Vol.2 No.39, 24 December 2002

What Next for the BIG Coalition?

By Norman Reynolds

The ANC has decided to reject the BIG – however unclear the statements thus far about an alternate “comprehensive” set of social and anti-poverty measures. As I understand the ANC announcement on the BIG, the ANC will talk to the “progressive forces” but only to tell them why it does not want the BIG. There is not much room granted for persuasion.

Having pursued a loyal “Taylor” approach, it is now time the BIG coalition took seriously other approaches than that set out in the Taylor Report. The difficulties of implementation and the severe timetable constraints that do exist, as was established in the “Administration” meeting three weeks ago, have armed the opposition and government with a reason for inaction. The BIG could yet disappear, at least for a long and socially and economically costly while!

The minutes of the Administration Conference ignore the point that I made a few times during the meeting. There are other ways to distribute the BIG or similar social grant. The most appropriate and with the highest developmental and communal benefits is through communities organised at village and street level so that South Africa becomes 840 councils and, say, some 50,000 social and economic community-based development societies. This avoids the problems with Home Affairs documents. It also acknowledges that the Constitution demands that citizens lead local development – for which there must be local organisation [1], rewards for doing so, and support systems.

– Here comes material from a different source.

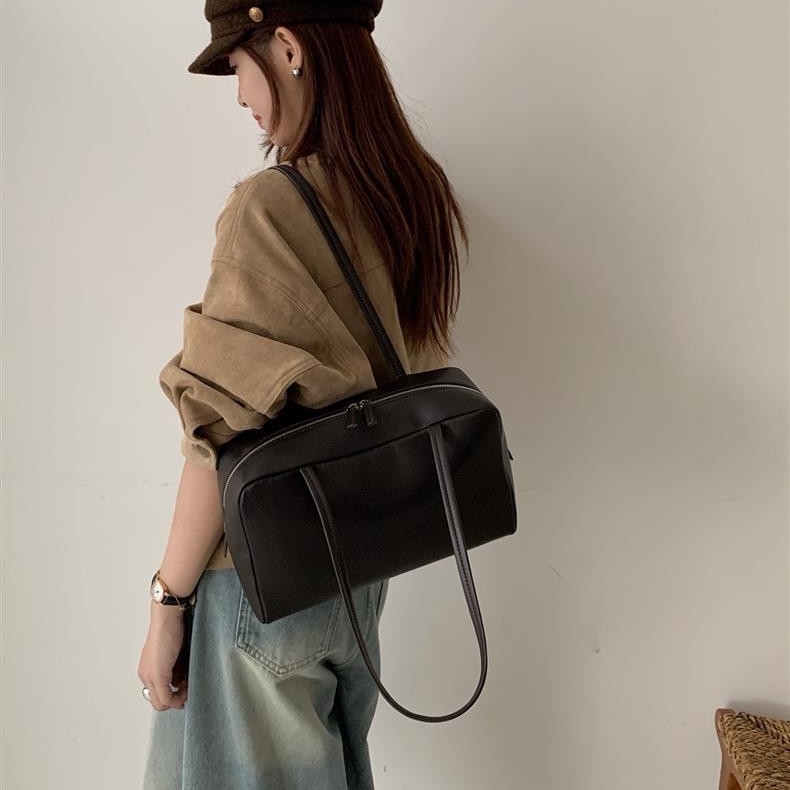 Top Grain Sheepskin Bowling Bag For Women, Versatile Commuter Boston Handbag, Large Capacity Shoulder Tote Pillow Bag - Thumbnail 2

Local Economic Development (the LED) is the country's biggest and desperate gamble to improve the local economy and to give citizens the Constitutional right to be the "actors" supported by local government. The LED, to work, has now to organise communities for developmental purposes. The two requirements can be brought together.

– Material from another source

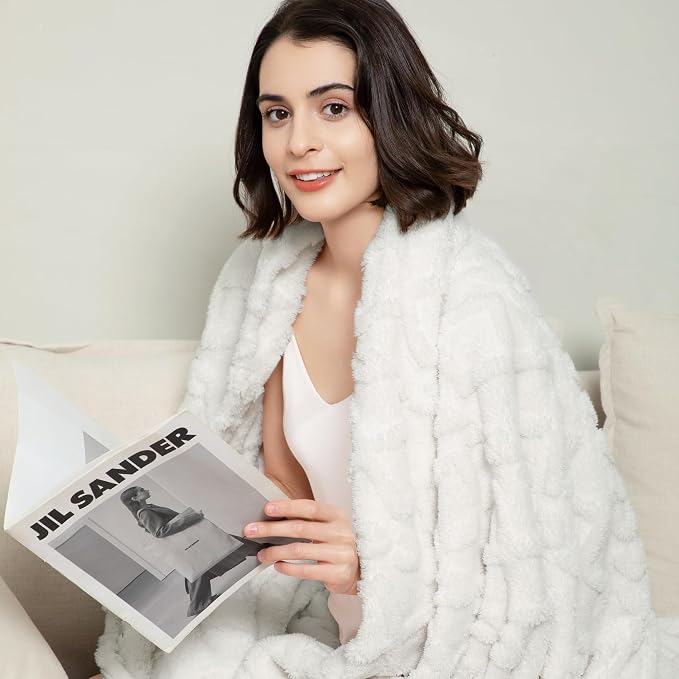 Aganear Fleece Throw Blanket for Couch Sofar 50"x60" White | Lightweight Fuzzy Throw,Warm Gift for Women,Christmas,Housewarming,Soft,Boho Design for Room Home Decor,All-Season Use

The Department of Local and Provincial Government could well emerge as the champion of a universal grant system. It would work (a) alongside Social Development for the "soft" grants including the BIG and a rethought Child Rights grant assembled at community level and run by all adults for all children and (b) alongside Public Works for the Community Budget / Work and Training Rights investment grant / loan that I now believe will come through, at least in a pilot phase. It should spread quickly once demonstrated in keeping with community organisation to receive and mange funds that are theirs by programme right.

A dual grant system and the community-based method of payment would immediately create the conditions for a basic economic right and for two vital local functions.

The economic right is so basic it does appear in the Constitution. It is that communities would be “enabled” (a more active verb that empowered) by granting them (1) the fundamental economic right to know the resources available and the conditions that attach to different funding sources, as enjoyed by business, agencies and most households that have regular incomes. Communities can then (2) explore the opportunity costs of different investment / maintenance options and (3) can plan to invest in a sequence over time.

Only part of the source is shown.